Björk – Biophilia

ElectronicExperimental, VÖ: Oktober 2011
Die größten Künstlerinnen der Welt dürften neidisch auf die Vorab-Werbung für BJÖRKs achtes Album BIOPHILIA blicken. Es wurde nicht nur als wichtige Neuerscheinung, sondern als Zukunft der gesamten Plattenindustrie angekündigt.

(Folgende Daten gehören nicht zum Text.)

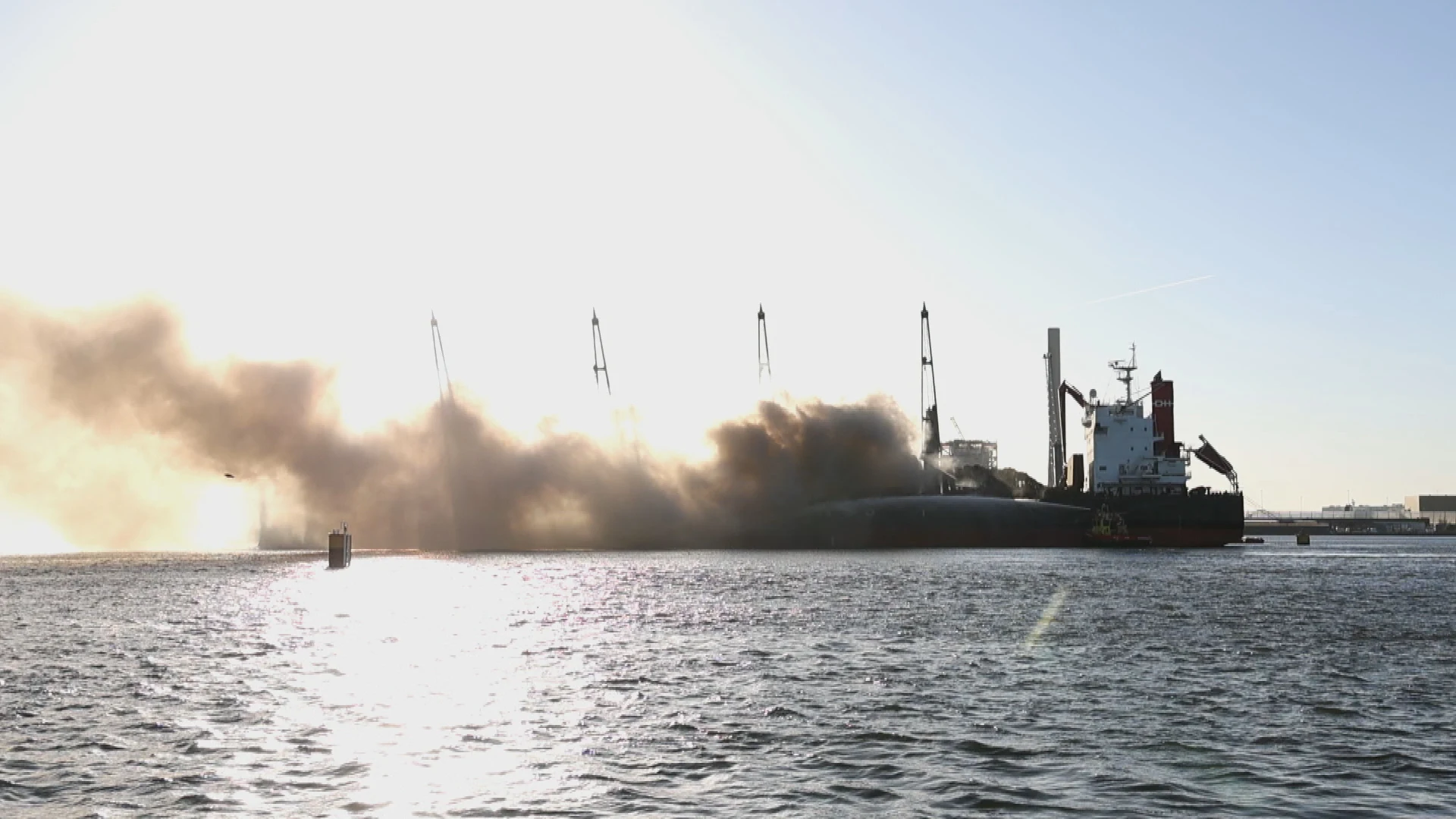Grote brand op schip in haven Amsterdam nog niet onder controle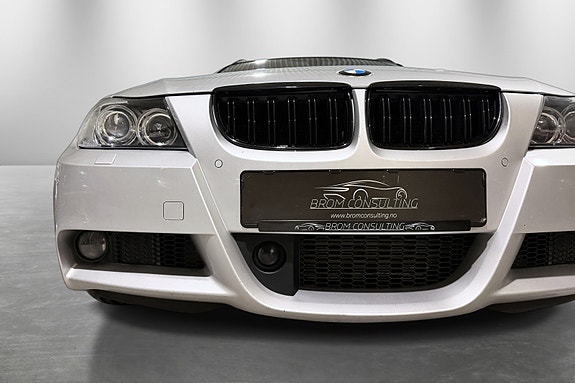 BMW 330xd 13 of 30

Ihre Kulissen bei den Shows erinnern nicht selten an eine viktorianische Markthalle, die Stände umkreisen das Publikum mit Ihrem 24-teiligen isländischen Chor, in knalliges blau und Gold eingekleidet ist es jedes Mal wieder eine ungewöhnliches Szenario. Björk selbst erscheint meist in Ihren riesigen Plateauschuhen, Ihr Gesicht in den Farben blau und weiß angemalt und wenn jemand in der Gegend einen großen orangefarbenen und zottigen Hund verloren hätte – auf dem Kopf von Björk würde man Ihn wieder finden. Doch blicken wir auf das neue Werk „Biophilia“ und dem beiliegenden Verzicht von traditionellen Beats und Strukturen. Vielmehr ziehen nun schlanke Linien durch die Mondzyklen, es winken erdgebundene oder außerirdische Wesen, während uns der Opener „Moon“ ein Verbot vor dem Ende des klanglichen Spektrums entgegenhält. Das neue Projekt „Biophilia“ verhält sich dabei weniger wie ein traditionelles Konzert und vielmehr wie eine Demonstration zischender und musikwissenschaftlicher Ideen. „Thunderbolt“ heißt das nächste Stück und zückt bereits erneut einen knisternden Trumpf aus dem Ärmel.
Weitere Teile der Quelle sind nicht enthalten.